> **Exercise goal**
Exactly the lines below from the one with "Exploded view of" up to and including the one with "Floating Shelves for" make up the answer, with nothing else added.

> **Records for processing**
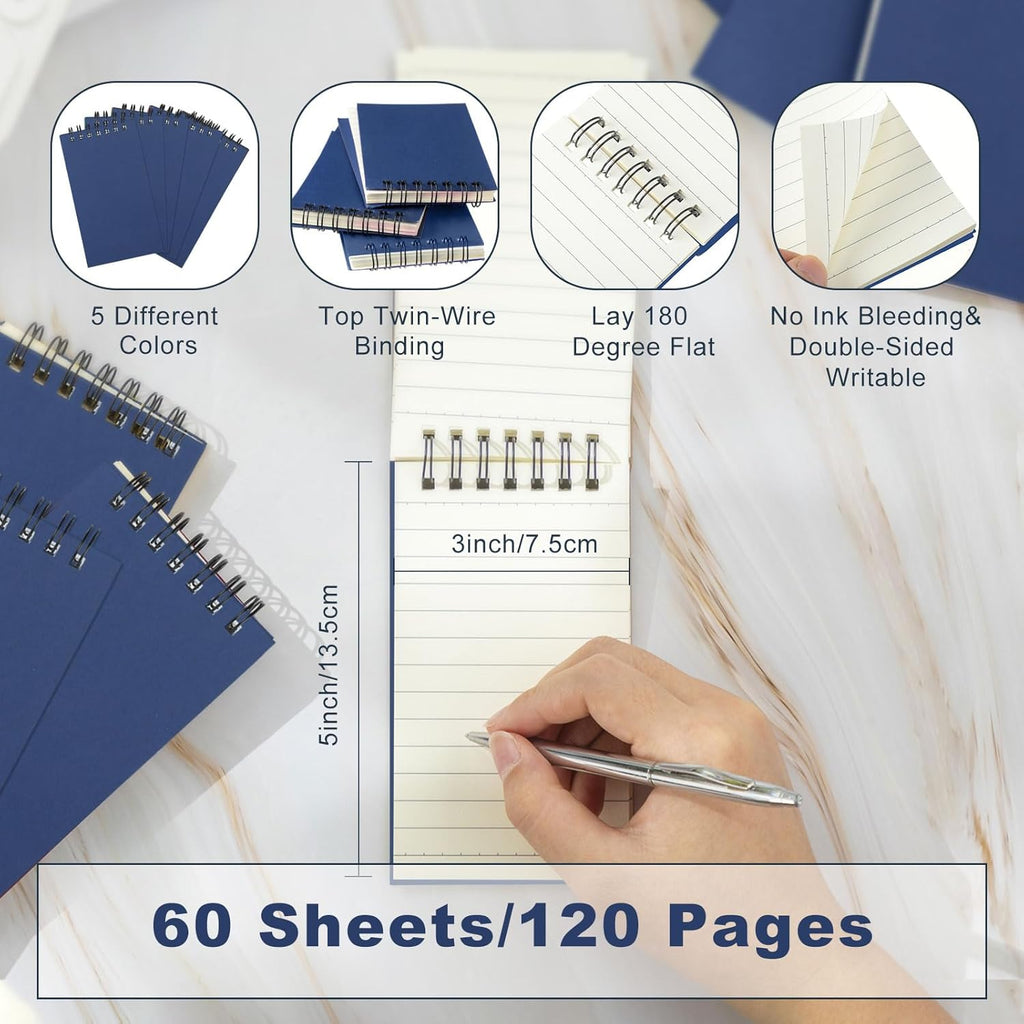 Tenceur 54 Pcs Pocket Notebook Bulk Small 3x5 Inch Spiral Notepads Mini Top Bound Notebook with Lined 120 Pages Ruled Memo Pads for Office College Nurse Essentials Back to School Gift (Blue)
---
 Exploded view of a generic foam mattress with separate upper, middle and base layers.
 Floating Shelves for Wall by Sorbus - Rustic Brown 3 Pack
==
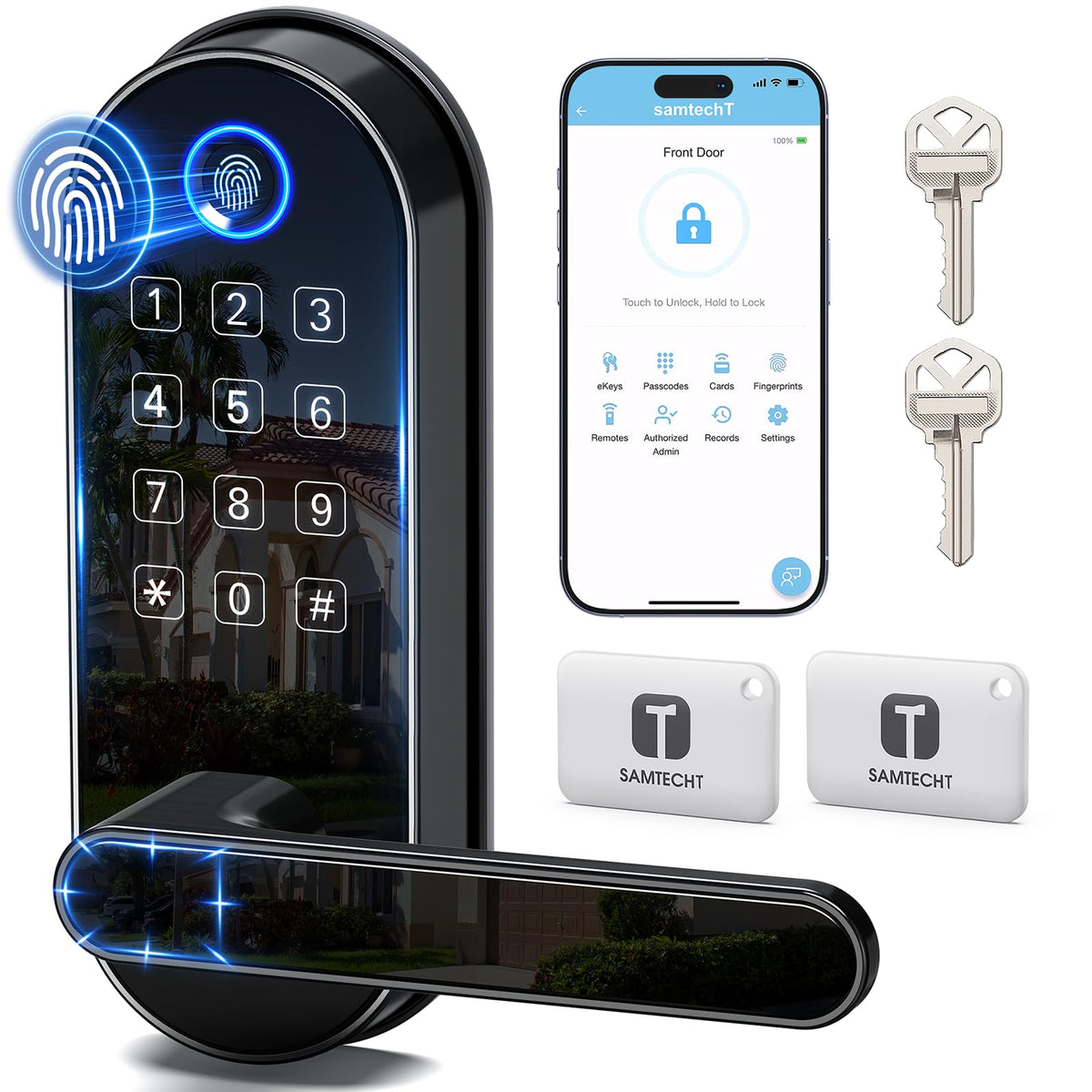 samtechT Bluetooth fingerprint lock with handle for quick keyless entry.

> **Answer below**
 Exploded view of a generic foam mattress with separate upper, middle and base layers.
 Floating Shelves for Wall by Sorbus - Rustic Brown 3 Pack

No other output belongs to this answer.